START INFORMATION

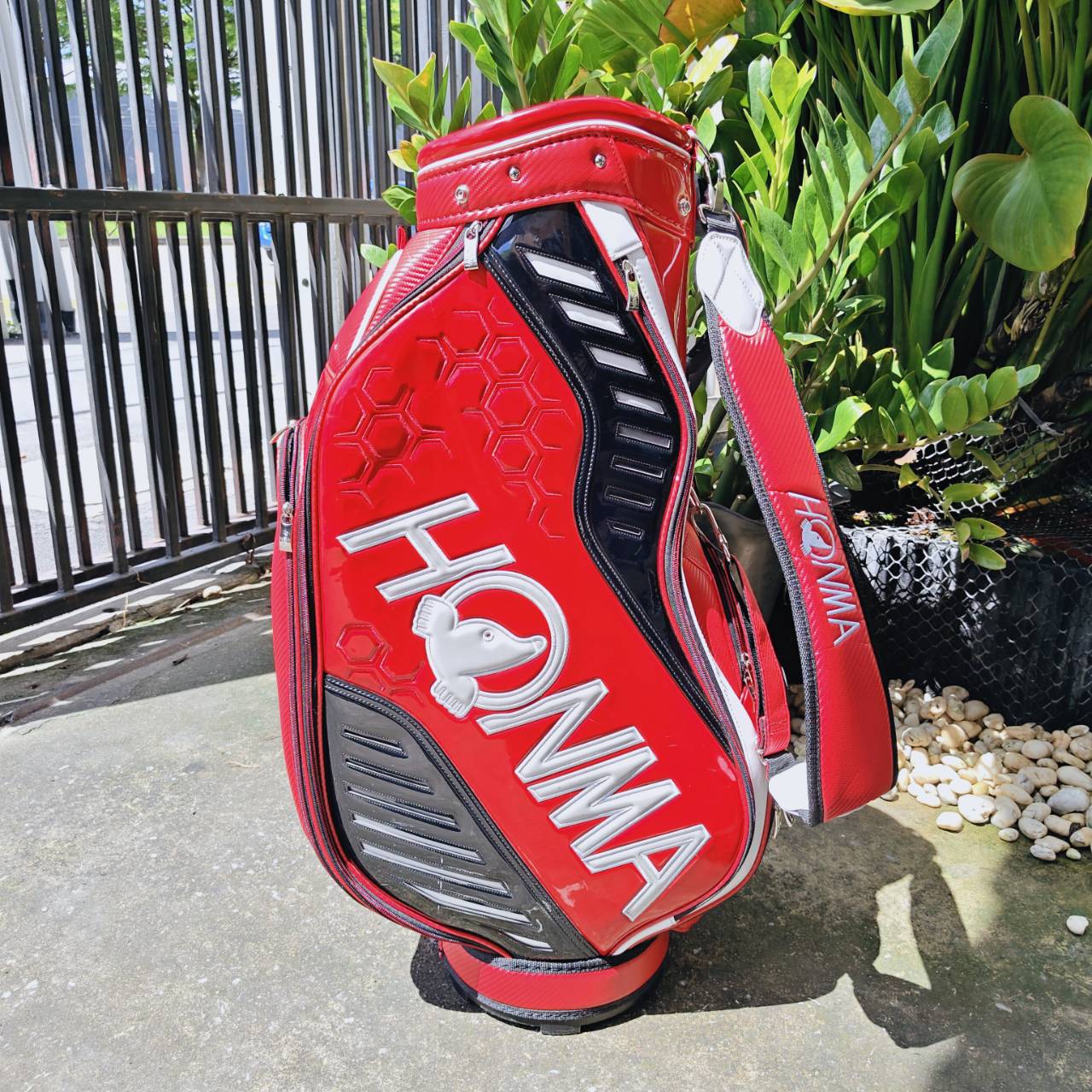 ถุงกอล์ฟ HONMA TOUR ของแท้ มือสอง จากประเทศญี่ปุ่น เท่มากๆ รุ่นนี้ของใหม่มีราคาแพงแบบสุดๆ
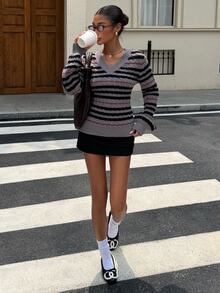 Muchica 灰色格紋 V 領喇叭袖收腰對比色針織衫，優雅法式休閒通勤風，適合秋季、派對、早午餐、情人節、Y2K - 棕色 - 查看 6
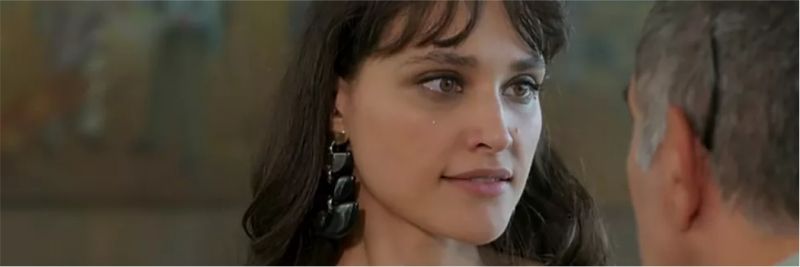 Gisela (Débora Nascimento) sofre um acidente de carro, em 'Verão 90' 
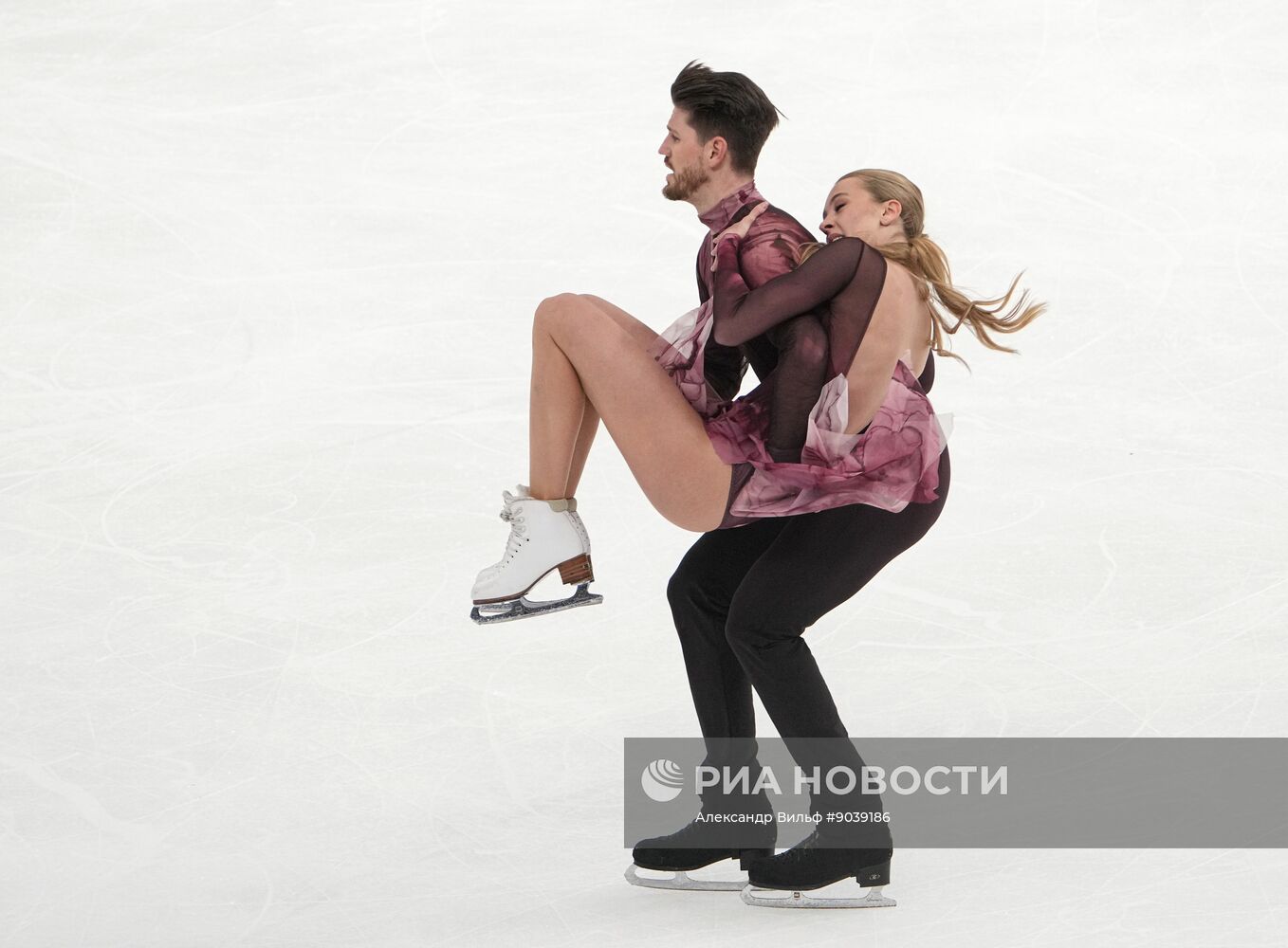 Фигурное катание: Гран-при России. 2 этап. Танцы на льду. Произвольный танец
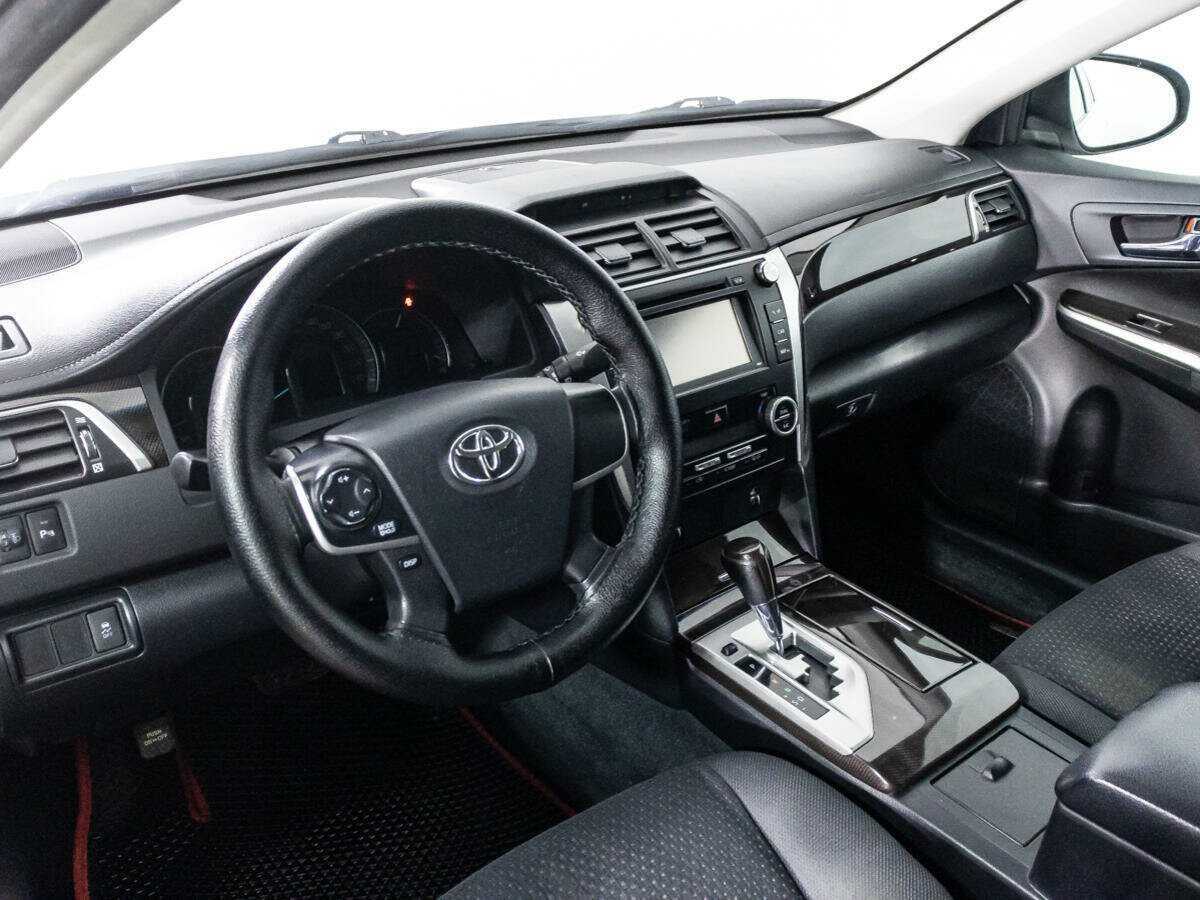 Toyota Camry 2014 года с пробегом. Фото: #10
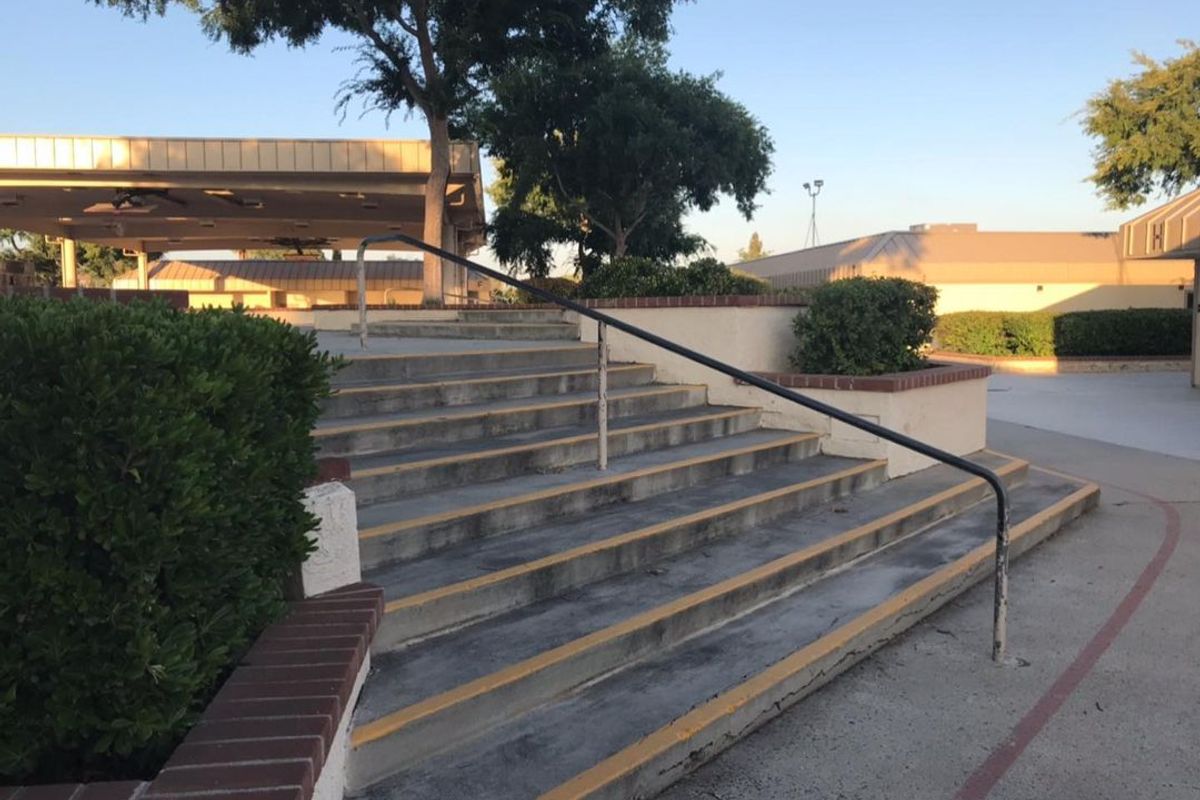 Image for skate spot Butterfield Elementary 8 Stair Rail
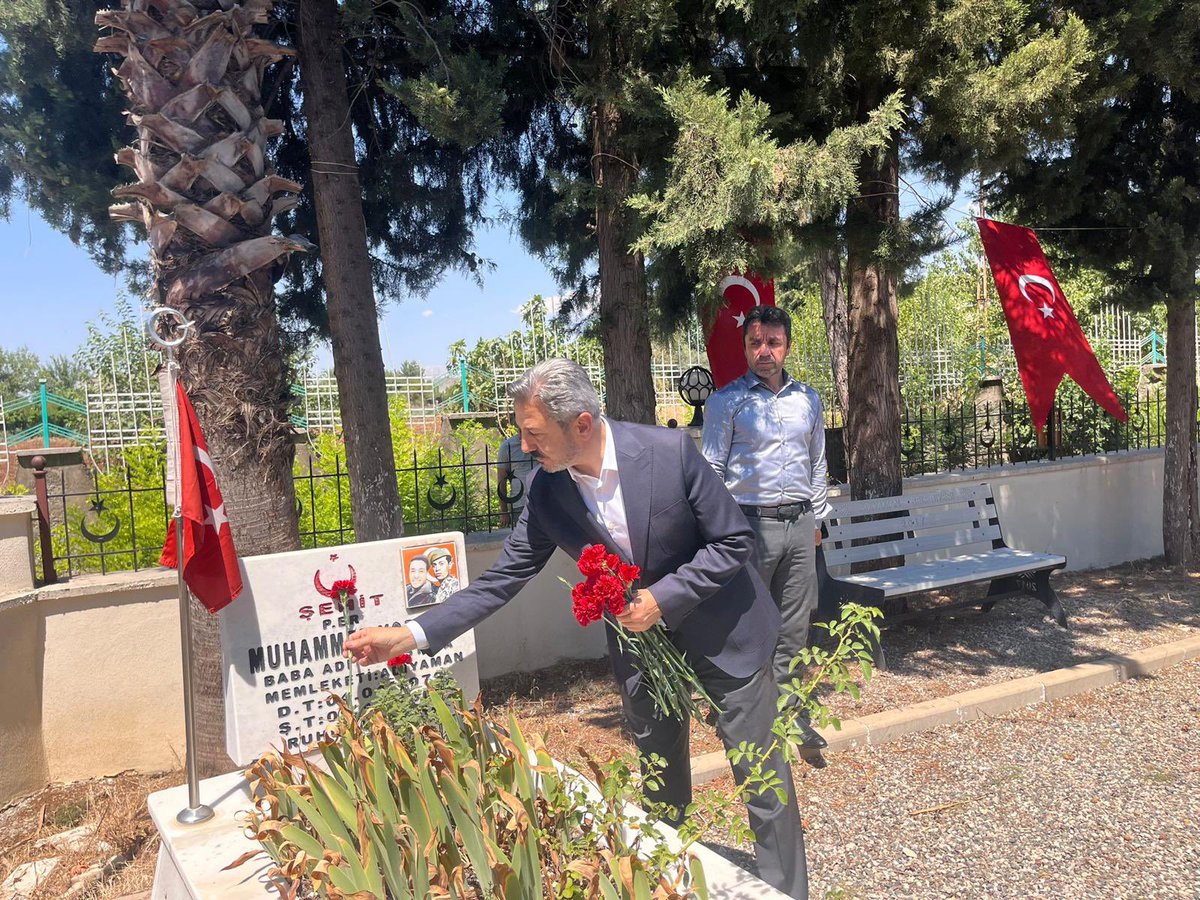 AhmetAYDIN_02's tweet photo. Kim bu cennet vatanın uğruna olmaz ki feda?
Şüheda fışkıracak, toprağı sıksan şüheda.
Canı, cananı, bütün varımı alsın da Hüda,
Etmesin tek vatanımdan beni dünyada cüda.

#15Temmuz Demokrasi ve Milli Birlik Günü vesilesiyle İl Protokolümüz ile  Adıyaman’da şehitlerimizin makamlarına ziyarette bulunup mukaddes ruhlarına Fatiha’lar armağan ettik.
Rabbim şefaatlerine nail eylesin.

END INFORMATION

### DIRECTIONS FOR THIS TASK
The full set of entries should be transcribed exactly, pictures left aside.

### REPLY
 ถุงกอล์ฟ HONMA TOUR ของแท้ มือสอง จากประเทศญี่ปุ่น เท่มากๆ รุ่นนี้ของใหม่มีราคาแพงแบบสุดๆ
 Muchica 灰色格紋 V 領喇叭袖收腰對比色針織衫，優雅法式休閒通勤風，適合秋季、派對、早午餐、情人節、Y2K - 棕色 - 查看 6
 Gisela (Débora Nascimento) sofre um acidente de carro, em 'Verão 90' 
 Фигурное катание: Гран-при России. 2 этап. Танцы на льду. Произвольный танец
 Toyota Camry 2014 года с пробегом. Фото: #10
 Image for skate spot Butterfield Elementary 8 Stair Rail
 AhmetAYDIN_02's tweet photo. Kim bu cennet vatanın uğruna olmaz ki feda?
Şüheda fışkıracak, toprağı sıksan şüheda.
Canı, cananı, bütün varımı alsın da Hüda,
Etmesin tek vatanımdan beni dünyada cüda.

#15Temmuz Demokrasi ve Milli Birlik Günü vesilesiyle İl Protokolümüz ile  Adıyaman’da şehitlerimizin makamlarına ziyarette bulunup mukaddes ruhlarına Fatiha’lar armağan ettik.
Rabbim şefaatlerine nail eylesin.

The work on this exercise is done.